§ **Extracted data**
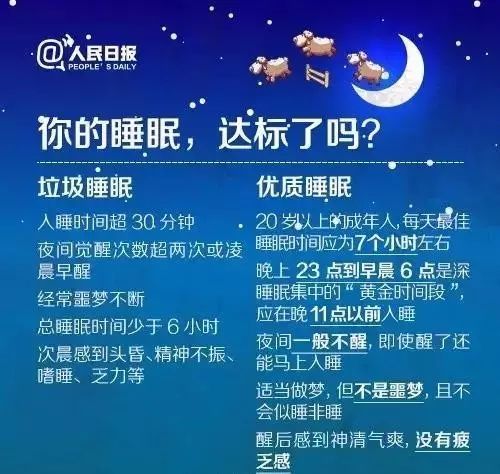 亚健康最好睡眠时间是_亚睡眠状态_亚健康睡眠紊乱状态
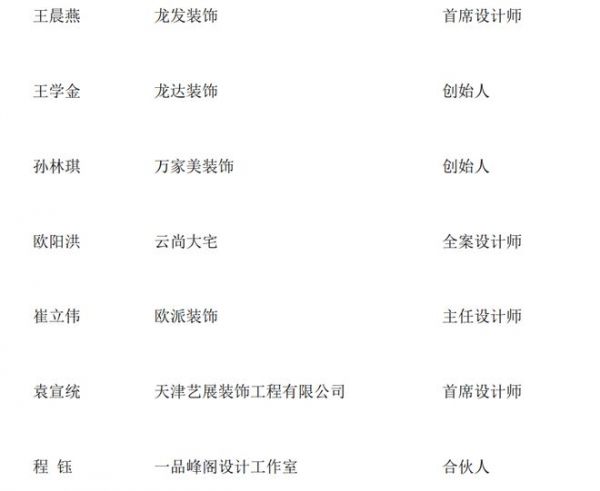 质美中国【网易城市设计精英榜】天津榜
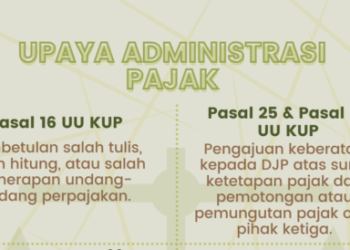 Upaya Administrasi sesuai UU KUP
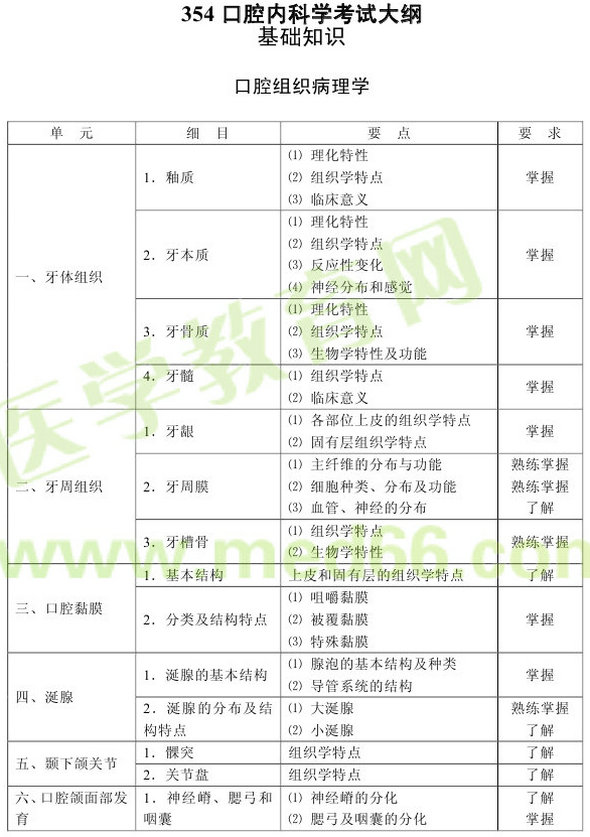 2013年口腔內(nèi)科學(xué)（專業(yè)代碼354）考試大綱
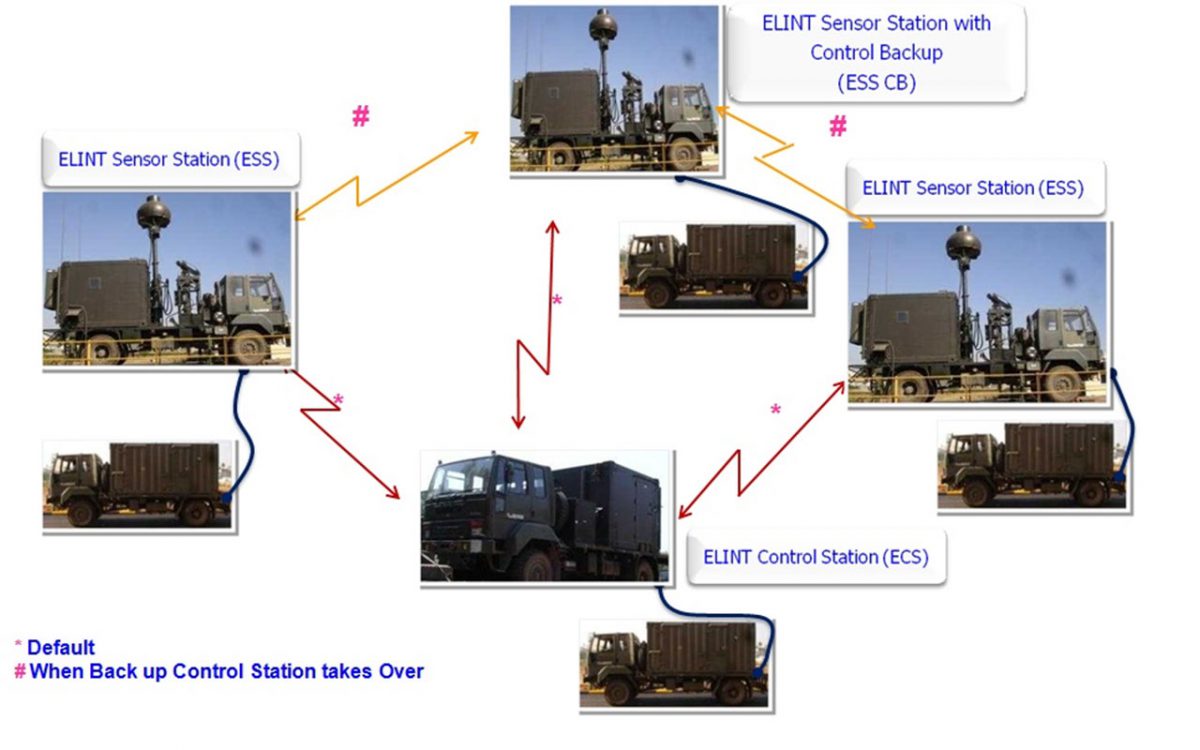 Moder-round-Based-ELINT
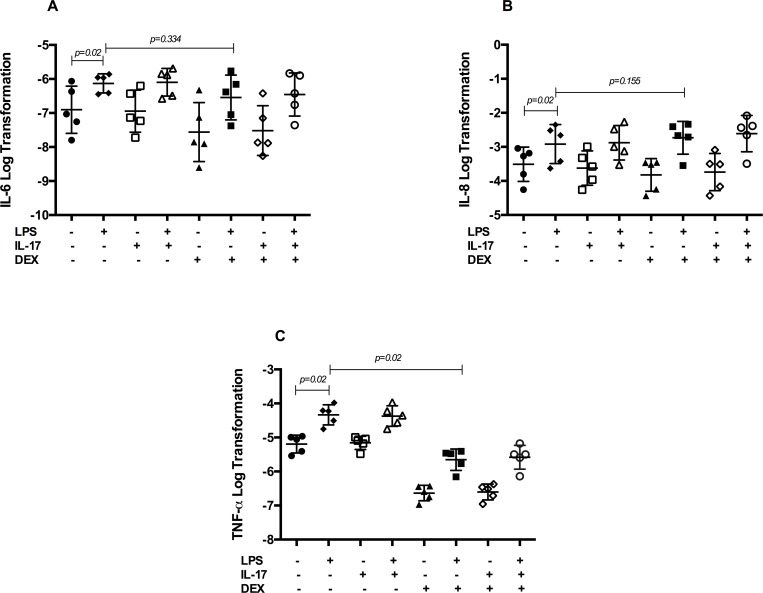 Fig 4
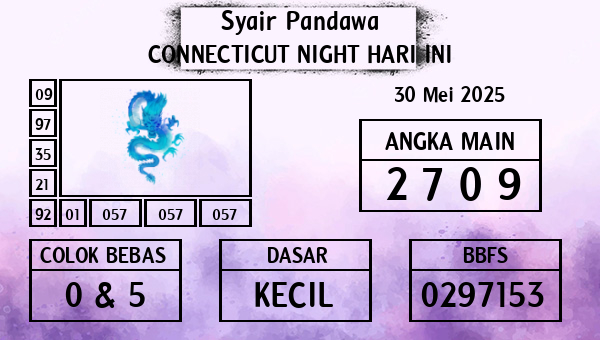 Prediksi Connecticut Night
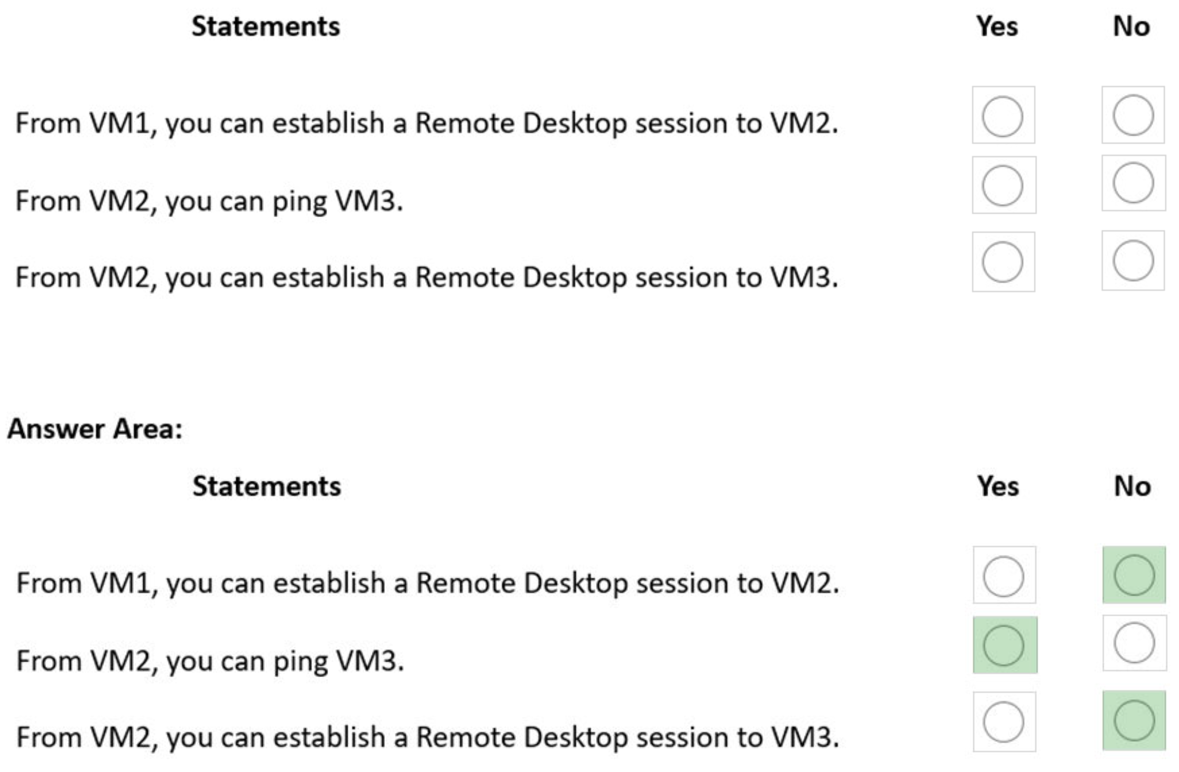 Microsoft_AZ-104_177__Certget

§ **Required action**
What you give back should be exactly the lines from the line holding "Moder-round-Based-ELINT" through the final line of the material, both ends included, and please leave out the pictures.

§ **Task result**
 Moder-round-Based-ELINT
 Fig 4
 Prediksi Connecticut Night
 Microsoft_AZ-104_177__Certget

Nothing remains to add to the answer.